What this task involves> An exact copy of all entries is the expected answer.

Information>
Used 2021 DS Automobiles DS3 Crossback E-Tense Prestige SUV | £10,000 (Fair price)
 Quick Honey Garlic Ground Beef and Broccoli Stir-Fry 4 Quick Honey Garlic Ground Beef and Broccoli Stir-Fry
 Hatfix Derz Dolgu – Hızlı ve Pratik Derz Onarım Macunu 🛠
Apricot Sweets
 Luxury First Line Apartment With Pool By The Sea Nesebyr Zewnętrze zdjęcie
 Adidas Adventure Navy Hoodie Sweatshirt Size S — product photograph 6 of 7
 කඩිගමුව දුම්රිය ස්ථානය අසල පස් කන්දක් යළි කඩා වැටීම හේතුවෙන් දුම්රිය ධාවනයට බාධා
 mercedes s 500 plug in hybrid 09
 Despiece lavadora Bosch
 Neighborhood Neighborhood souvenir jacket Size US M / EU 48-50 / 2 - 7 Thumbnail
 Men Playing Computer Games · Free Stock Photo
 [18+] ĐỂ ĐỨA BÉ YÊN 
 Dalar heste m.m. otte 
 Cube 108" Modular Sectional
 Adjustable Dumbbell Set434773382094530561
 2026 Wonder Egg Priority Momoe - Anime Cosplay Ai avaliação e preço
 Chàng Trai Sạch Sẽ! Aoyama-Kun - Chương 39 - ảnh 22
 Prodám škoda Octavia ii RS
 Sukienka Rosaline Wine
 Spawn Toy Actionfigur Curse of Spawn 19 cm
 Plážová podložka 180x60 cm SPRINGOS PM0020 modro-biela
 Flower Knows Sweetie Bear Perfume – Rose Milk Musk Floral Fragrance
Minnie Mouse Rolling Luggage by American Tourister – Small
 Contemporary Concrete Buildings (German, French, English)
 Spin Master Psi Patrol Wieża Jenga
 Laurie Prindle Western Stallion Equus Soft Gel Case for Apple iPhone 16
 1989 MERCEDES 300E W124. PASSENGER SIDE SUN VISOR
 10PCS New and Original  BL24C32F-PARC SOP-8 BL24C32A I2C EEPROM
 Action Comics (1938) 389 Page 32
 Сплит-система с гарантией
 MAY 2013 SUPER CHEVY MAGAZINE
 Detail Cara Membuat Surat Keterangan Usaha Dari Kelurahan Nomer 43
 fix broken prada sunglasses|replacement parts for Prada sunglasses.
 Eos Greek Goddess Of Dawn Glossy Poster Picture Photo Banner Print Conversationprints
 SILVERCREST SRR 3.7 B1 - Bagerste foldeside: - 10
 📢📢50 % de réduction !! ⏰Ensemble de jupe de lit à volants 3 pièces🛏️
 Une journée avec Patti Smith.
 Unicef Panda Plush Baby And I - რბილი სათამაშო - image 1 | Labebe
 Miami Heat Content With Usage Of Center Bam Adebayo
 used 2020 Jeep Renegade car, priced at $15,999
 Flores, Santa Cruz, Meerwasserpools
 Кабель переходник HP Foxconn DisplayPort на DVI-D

Exercise output>
Used 2021 DS Automobiles DS3 Crossback E-Tense Prestige SUV | £10,000 (Fair price)
 Quick Honey Garlic Ground Beef and Broccoli Stir-Fry 4 Quick Honey Garlic Ground Beef and Broccoli Stir-Fry
 Hatfix Derz Dolgu – Hızlı ve Pratik Derz Onarım Macunu 🛠
Apricot Sweets
 Luxury First Line Apartment With Pool By The Sea Nesebyr Zewnętrze zdjęcie
 Adidas Adventure Navy Hoodie Sweatshirt Size S — product photograph 6 of 7
 කඩිගමුව දුම්රිය ස්ථානය අසල පස් කන්දක් යළි කඩා වැටීම හේතුවෙන් දුම්රිය ධාවනයට බාධා
 mercedes s 500 plug in hybrid 09
 Despiece lavadora Bosch
 Neighborhood Neighborhood souvenir jacket Size US M / EU 48-50 / 2 - 7 Thumbnail
 Men Playing Computer Games · Free Stock Photo
 [18+] ĐỂ ĐỨA BÉ YÊN 
 Dalar heste m.m. otte 
 Cube 108" Modular Sectional
 Adjustable Dumbbell Set434773382094530561
 2026 Wonder Egg Priority Momoe - Anime Cosplay Ai avaliação e preço
 Chàng Trai Sạch Sẽ! Aoyama-Kun - Chương 39 - ảnh 22
 Prodám škoda Octavia ii RS
 Sukienka Rosaline Wine
 Spawn Toy Actionfigur Curse of Spawn 19 cm
 Plážová podložka 180x60 cm SPRINGOS PM0020 modro-biela
 Flower Knows Sweetie Bear Perfume – Rose Milk Musk Floral Fragrance
Minnie Mouse Rolling Luggage by American Tourister – Small
 Contemporary Concrete Buildings (German, French, English)
 Spin Master Psi Patrol Wieża Jenga
 Laurie Prindle Western Stallion Equus Soft Gel Case for Apple iPhone 16
 1989 MERCEDES 300E W124. PASSENGER SIDE SUN VISOR
 10PCS New and Original  BL24C32F-PARC SOP-8 BL24C32A I2C EEPROM
 Action Comics (1938) 389 Page 32
 Сплит-система с гарантией
 MAY 2013 SUPER CHEVY MAGAZINE
 Detail Cara Membuat Surat Keterangan Usaha Dari Kelurahan Nomer 43
 fix broken prada sunglasses|replacement parts for Prada sunglasses.
 Eos Greek Goddess Of Dawn Glossy Poster Picture Photo Banner Print Conversationprints
 SILVERCREST SRR 3.7 B1 - Bagerste foldeside: - 10
 📢📢50 % de réduction !! ⏰Ensemble de jupe de lit à volants 3 pièces🛏️
 Une journée avec Patti Smith.
 Unicef Panda Plush Baby And I - რბილი სათამაშო - image 1 | Labebe
 Miami Heat Content With Usage Of Center Bam Adebayo
 used 2020 Jeep Renegade car, priced at $15,999
 Flores, Santa Cruz, Meerwasserpools
 Кабель переходник HP Foxconn DisplayPort на DVI-D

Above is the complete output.